Aunque resulte para muchos irritante, la fundamentación última de las estrategias de acción afirmativa es similar a la demanda de prebendas regulatorias o financieras desplegada por los sectores económicos o profesionales que buscan en la acción de los poderes públicos protección para sus intereses. Desde un punto de vista conceptual no hay divergencia de naturaleza entre la introducción de un arancel a las importaciones para preservar de la competencia exterior a una determinada industria y el establecimiento de cuotas obligatorias en cualquier actividad pública o privada, reservadas a una comunidad étnica o de género, por citar dos casos emblemáticos. Las mismas razones para oponerse a las primeras, la lesión de los derechos de la mayoría, caben ser esgrimidas para rechazar las segundas.

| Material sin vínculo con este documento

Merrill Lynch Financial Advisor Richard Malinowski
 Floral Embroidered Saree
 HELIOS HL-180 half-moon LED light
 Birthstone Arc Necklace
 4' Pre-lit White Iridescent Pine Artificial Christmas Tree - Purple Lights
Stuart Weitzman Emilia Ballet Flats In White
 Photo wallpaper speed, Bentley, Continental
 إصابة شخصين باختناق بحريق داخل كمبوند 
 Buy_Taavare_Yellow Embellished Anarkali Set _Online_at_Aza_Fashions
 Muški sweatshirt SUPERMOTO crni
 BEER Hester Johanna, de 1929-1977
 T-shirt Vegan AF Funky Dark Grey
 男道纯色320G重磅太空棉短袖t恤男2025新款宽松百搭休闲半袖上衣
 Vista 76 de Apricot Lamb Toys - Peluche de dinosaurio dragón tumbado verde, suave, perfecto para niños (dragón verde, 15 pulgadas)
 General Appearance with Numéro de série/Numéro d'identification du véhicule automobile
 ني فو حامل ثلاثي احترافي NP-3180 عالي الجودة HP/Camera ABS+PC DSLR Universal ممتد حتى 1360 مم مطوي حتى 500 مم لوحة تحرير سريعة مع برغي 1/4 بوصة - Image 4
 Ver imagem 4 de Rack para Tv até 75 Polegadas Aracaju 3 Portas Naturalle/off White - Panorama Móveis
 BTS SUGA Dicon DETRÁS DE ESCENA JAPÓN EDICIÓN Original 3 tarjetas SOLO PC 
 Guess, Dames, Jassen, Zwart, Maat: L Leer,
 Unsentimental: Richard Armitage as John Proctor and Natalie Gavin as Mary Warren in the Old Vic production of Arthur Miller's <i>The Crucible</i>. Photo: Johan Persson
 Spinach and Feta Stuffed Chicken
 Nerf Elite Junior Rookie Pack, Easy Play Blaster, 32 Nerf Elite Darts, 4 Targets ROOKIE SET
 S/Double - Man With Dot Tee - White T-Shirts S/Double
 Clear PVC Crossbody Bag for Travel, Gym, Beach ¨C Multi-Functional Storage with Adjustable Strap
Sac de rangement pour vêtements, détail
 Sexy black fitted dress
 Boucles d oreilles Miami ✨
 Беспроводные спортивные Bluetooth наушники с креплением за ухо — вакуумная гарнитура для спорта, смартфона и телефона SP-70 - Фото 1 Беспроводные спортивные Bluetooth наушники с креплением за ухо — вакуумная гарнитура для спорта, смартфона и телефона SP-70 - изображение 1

Cualquier discriminación o restricción legal de los derechos individuales por motivos religiosos, raciales o de género es inaceptable, pero no cabe extender ese criterio a las relaciones privadas. Un miembro de un grupo X no puede ser obligado contra su deseo a asociarse con miembros de un grupo Y; un empresario no tiene por qué ser forzado a contratar a quien no desee sean cuales sean los motivos de su conducta; un florista judío no tiene por qué estar impelido a suministrar la corona mortuoria para el entierro de un nazi, o un hotelero homófobo a servir una boda gay. Algunas de estas prácticas pueden ser y son condenables por causas éticas, pero han de ser combatidas o censuradas por medios ajenos a la coerción estatal; por ejemplo, campañas publicitarias contra quienes realizan actos discriminatorios, boicot a los productos de las empresas que actúan de esa manera, etcétera. Ahora bien, el ejercicio de la libertad incluye el de excluir el acceso de terceros a la esfera privativa del individuo. Este es un axioma que no hay que olvidar.